2- İkinci görüşe göre, tam aksine; “âyât” lafzının açıklaması bizatihi ayetin içinde yer alır. Bu da “Makam-ı İbrahim” tabiridir. Yani, “O âyetler, Makam-ı İbrahim’dir.”
Evet, Makam-ı İbrahim, birçok âyetleri ihtiva eder. Mesela sert bir kayada ayağının iz bırakması bir âyet, ayağının bir taşa topuğuna kadar gömülmesi bir başka âyet, o kayanın bir kısmı yumuşarken diğer kısımlarının sertliğini muhafaza etmesi de başka bir âyettir. Çünkü o taşın, sadece Hz. İbrahim’in ayaklarını koyduğu kısmı yumuşamıştır. Hem diğer peygamberlerin mûcizelerinin değil de, müşrik ve mülhidlerin onca düşmanlığına ve tabii afetlere rağmen binlerce yıl Makam-ı İbrahim’in Hz. İbrahim’e has bir yer olarak muhafaza edilmiş olması da bir başka âyettir.
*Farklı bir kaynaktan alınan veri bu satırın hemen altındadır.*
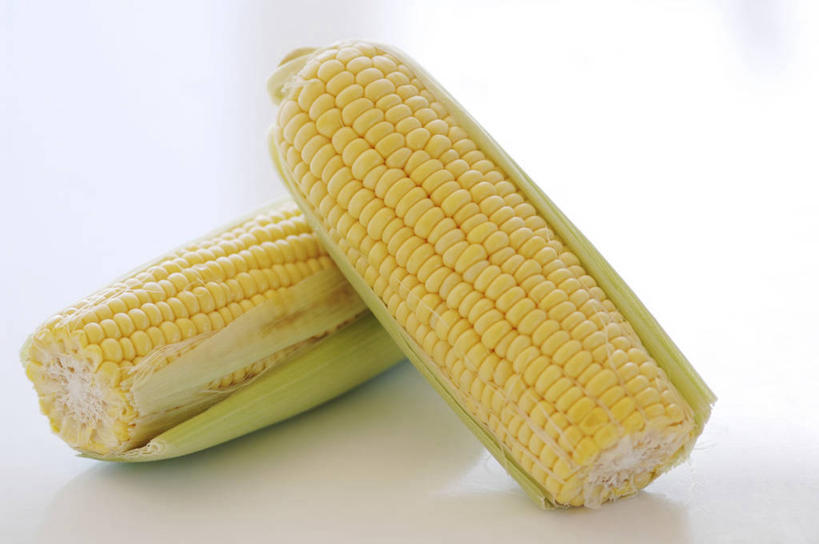 无人,横图,俯视,室内,特写,白天,白色背景,玉米,餐桌,桌子,蔬菜,叶子,新鲜,棒子,玉蜀黍,食品,绿叶,食物,两个,嫩叶,摄影,有机食品,绿色食品,影棚,餐台,苞米,苞芦,苞谷,包谷,大蜀黍,番麦,薏米包,玉高粱,玉麦,珍珠米,叶,叶片,彩图,高角度拍摄,影棚拍摄,拍摄,甜玉米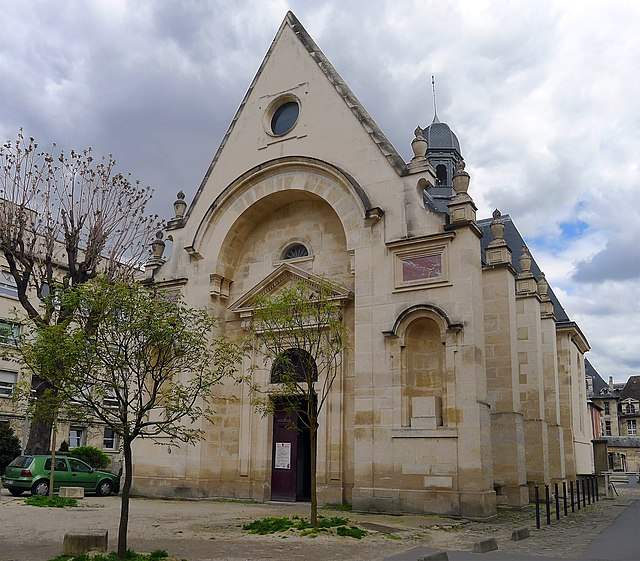 Paris - Église Chapelle de L’hôpital Saint-louis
Burada şunu da belirtmek gerekir ki bu iki “âyet”in zikredilip, âyetlerin daha çok olduğuna delâlet etmesi için diğer âyetlerin zikredilmemiş olması da düşünülebilir. Buna göre sanki şöyle denilmiştir: “Onda apaçık birçok âyet vardır: Makam-ı İbrahim, ona girenin emin oluşu ve bunların dışında daha birçok âyet.”6
Makam-ı İbrahim yeri
Makam-ı İbrahim, Hz. İbrahim’in (aleyhisselâm) üzerine çıktığı taşın yeridir. Zira kelime manası itibariyle de düşündüğümüzde “makam”, ayağa kalkılan, ayakta durulan yer manasına gelir.7 Kaldı ki bu isim örfte de bu belli yere hastır. Allah, taşın üzerine bu izleri bırakmayı, onun mucizelerinden biri olarak yaratmıştır.
Dünden bugüne bir insan, Mekke’de her hangi bir Mekke’liye Makam-ı İbrahim’i sorsa, o kimse ona, bu yerden başka bir yeri göstermez ve başka bir şey de anlamaz. Uygulama olarak da Peygamber Efendimiz’in, tavafı bitirdikten sonra tam bu mekana geldiğinde “وَاتَّخِذُوا مِنْ مَقَامِ إِبْرَاهِيمَ مُصَلًّى ayetini okuması, harem içinde özellikle bu mekanın ayette geçen “makam” olduğunu açıkça gösterir. Bundan dolayıdır ki Allah Resûlü iki rek’atlık tavaf namazını da bu makamın arkasında kılmıştır.
Hz. Ömer’in (radıyallahu anh) de Makam-ı İbrahim’in yanında, Peygamberimiz’e: “Burayı namazgah edinsek nasıl olur?” demesi bu kanaati teyit eder. Son olarak burada şu noktayı da belirtmek gerekir ki zaten bütün Mescid-i Haram, namazgah’dır. Her yerinde namaz kılınabilir. Dolayısıyla ayette geçen Makam-ı İbrahim’den maksat belli özel bir mekan olmasaydı, “Mescidi, mescid edinin!” denilmiş olurdu. Bu da çok anlamlı olmazdı.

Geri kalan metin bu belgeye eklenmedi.